La norma, a ben vedere, evoca il tenore della nota, coeva decisione della Corte Costituzionale n. 303 dell’1.10.2003 secondo cui al legislatore nazionale, per far fronte ad istanze unitarie, deve essere riconosciuta, in base all'art. 118 comma 1 Cost., la potestà di assumere e regolare l'esercizio di funzioni amministrative in relazione alle quali esso non vanti una potestà legislativa esclusiva, ma solo una potestà concorrente, così derogando “l'ordine rigido di distribuzione delle competenze stabilito dall'art. 117 cost., sempre che la valutazione dell'interesse pubblico sottostante all'assunzione predetta sia proporzionata, non risulti affetta da irragionevolezza alla stregua di uno scrutinio stretto di costituzionalità e sia oggetto di un accordo stipulato con la regione interessata, dovendosi escludere che la sussidiarietà possa operare come aprioristica modificazione delle competenze regionali in astratto, costituendo piuttosto un metodo per l'allocazione delle funzioni al livello più adeguato”.

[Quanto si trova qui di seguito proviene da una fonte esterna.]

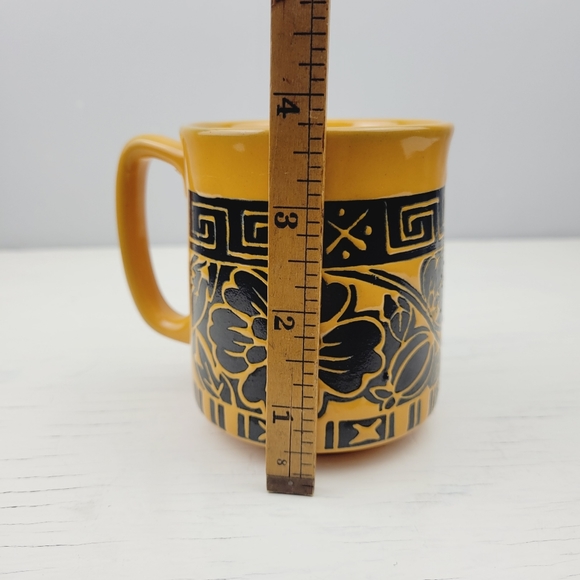 Otagiri Hornsea Style Mod Mug Vintage Pottery - Picture 7 of 13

Nel caso di specie è ad esempio indubitabile che il procedimento di AIA, relativo ad opere di competenza statale, coinvolga anche altre amministrazioni centrali diverse dal Ministero dell’Ambiente, nonché molteplici livelli di governo, sia pure con competente istruttorie, di talché, come subito si vedrà, l’attrazione al vertice ministeriale del momento volitivo – decisionale, trova sicura e adeguata giustificazione.
2.3.1. Quanto appena osservato, induce il Collegio a ritenere manifestamente infondata anche la dedotta violazione degli artt. 3 e 97 Cost., in relazione alla quale possono qui essere trasposte le argomentazioni già spese dalla Sezione in ordine ad analogo sospetto di incostituzionalità avanzato in ordine all’attribuzione al Ministro dell’Ambiente ad adottare il decreto di VIA propedeutico al rilascio dell’autorizzazione unica ex d.l. n. 7/2002 (sentenza n. 32176 dell’8 settembre 2010).
La Sezione ha infatti osservato che “sussiste in materia uno specifico interesse pubblico, generale e strategico all'incremento della produzione energetica della Repubblica”, soccorrendo al riguardo “il modo d'attuazione del principio di sussidiarietà indicato nell'art. 3-quinquies, c. 3 del Dlg 152/2006, per cui spetta allo Stato d'intervenire in questioni ambientali i cui obiettivi, in ragione delle loro dimensioni e dell'entità dei relativi effetti, non possano essere sufficientemente realizzati da altri livelli di governo”, e non potendosi al contrario “invocare in modo meccanico e formalistico il criterio di riparto tra indirizzo politico e gestione indicato nell'art. 4 del Dlg 30 marzo 2001 n. 165”.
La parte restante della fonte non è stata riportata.